You're absolutely right! The bcrypted hash effectively become a plaintext
password. This is obviously a problem. However, it also creates an interesting
opportunity...

SecureR could be designed so that every so often it rehashes a user's
plaintext password and creates a new bcrypt hash. This could happen every
month, every week, every N successful user log-ins, etc. Now, users hate
having to frequently change their passwords (and rightly so). However, with
this system, each user could keep the same plaintext password, and the system
could transparently generate a new bcrypt hash for it periodically. By cycling
through bcrypt hashes, attackers would have a narrower window in which to
steal a password table and use the stolen hashes. Maybe a 2nd-level hash could
be used (as discussed in my reply to Robin_Message), so that the 1st-level
hashes aren't completely exposed, and attackers need to not only steal a
database but also crack it (all within a short time frame).
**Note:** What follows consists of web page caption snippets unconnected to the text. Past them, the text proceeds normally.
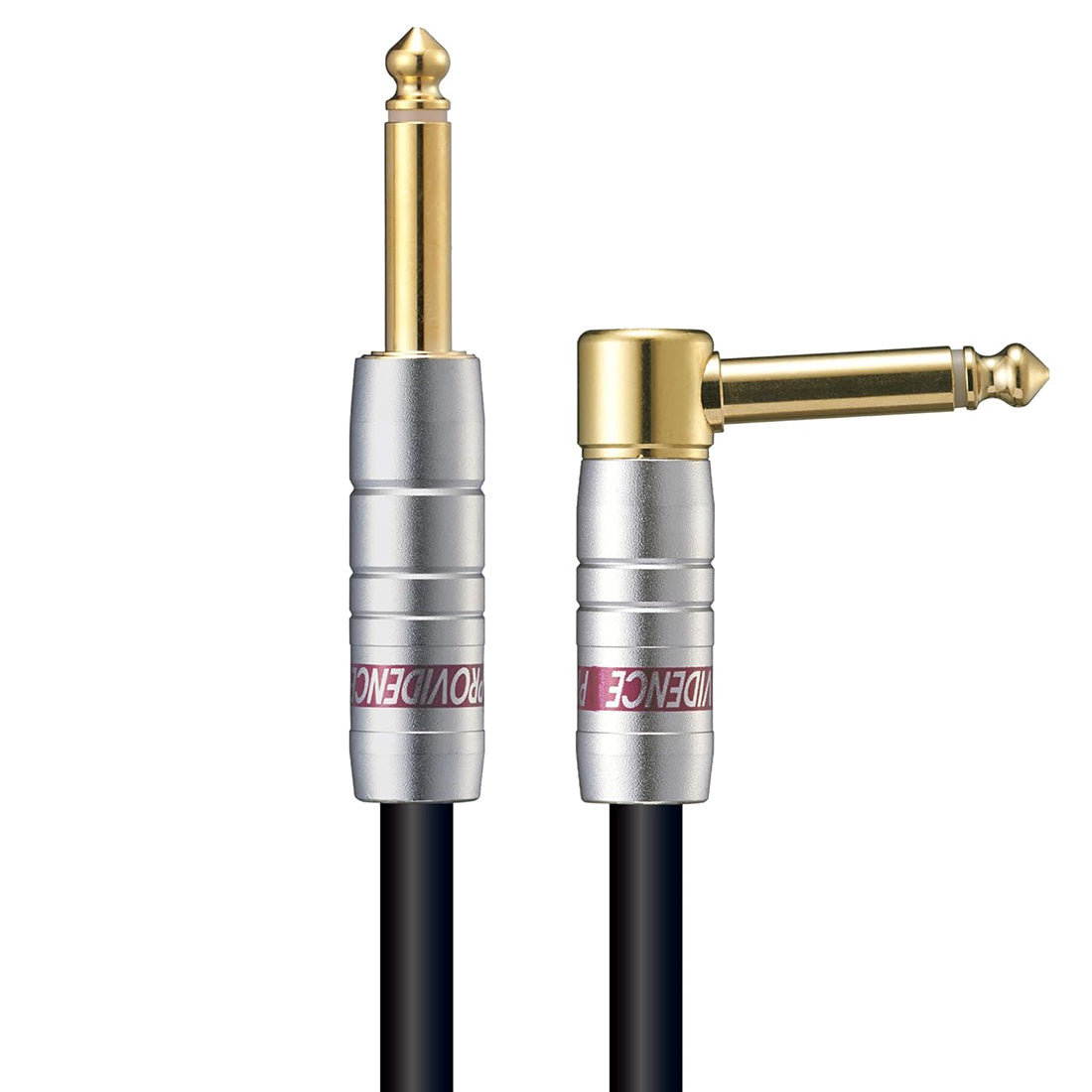 Providence S101 5M S/L (1直1L)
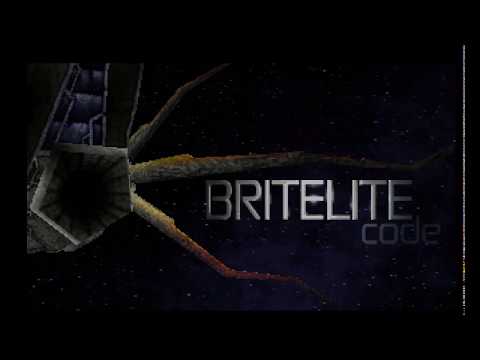 Using AmiKit X to download and run a few demos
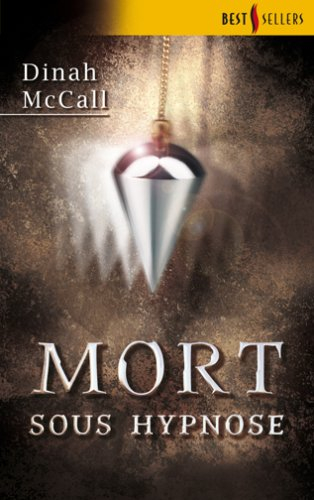Mort sous hypnose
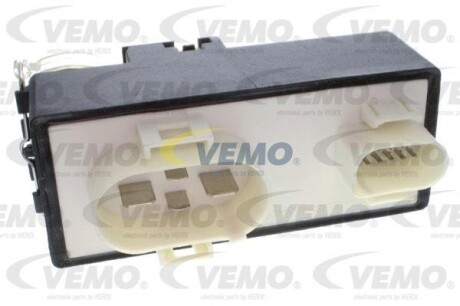 Реле VEMO V15710032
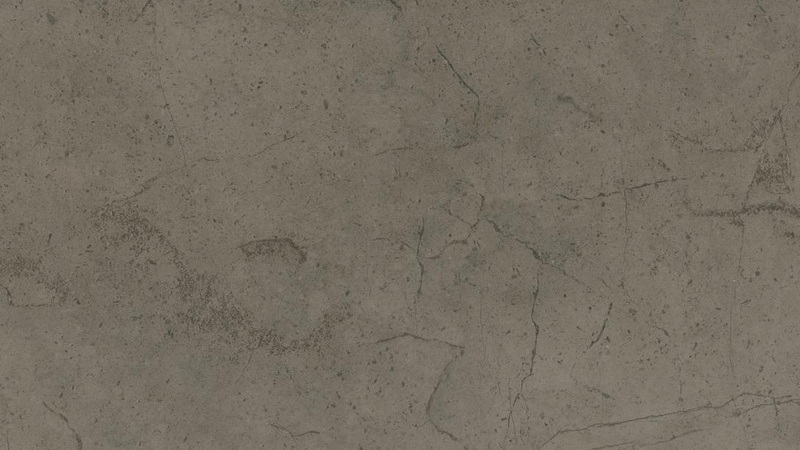 Столешница Egger Камень Гави серо-коричневый F251 ST9 4100x600x38 R3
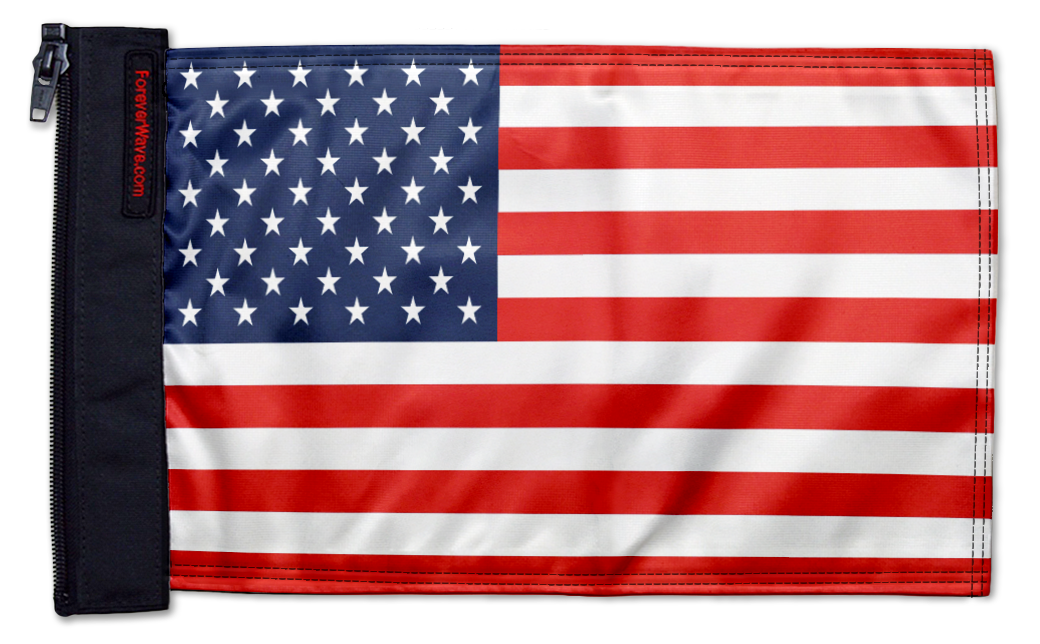 USA 12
Unfortunately, after this adjustment, bcrypt wouldn't be invoked only on
account-creation or password-resets. The bcrypt bill would be higher than in
my original proposal. However, at least bcrypt wouldn't be invoked every
single time a user logs in.

Maybe the cost of bcrypt can't be fully shifted from the log-in system to the
account-creation and password-reset systems. Maybe it needs to be paid
somewhere in between both areas, where you get as much secure encryption for
passwords and denial-of-service protection as possible. (Both goals seem to be
in conflict with each other.)

Ah, tradeoffs!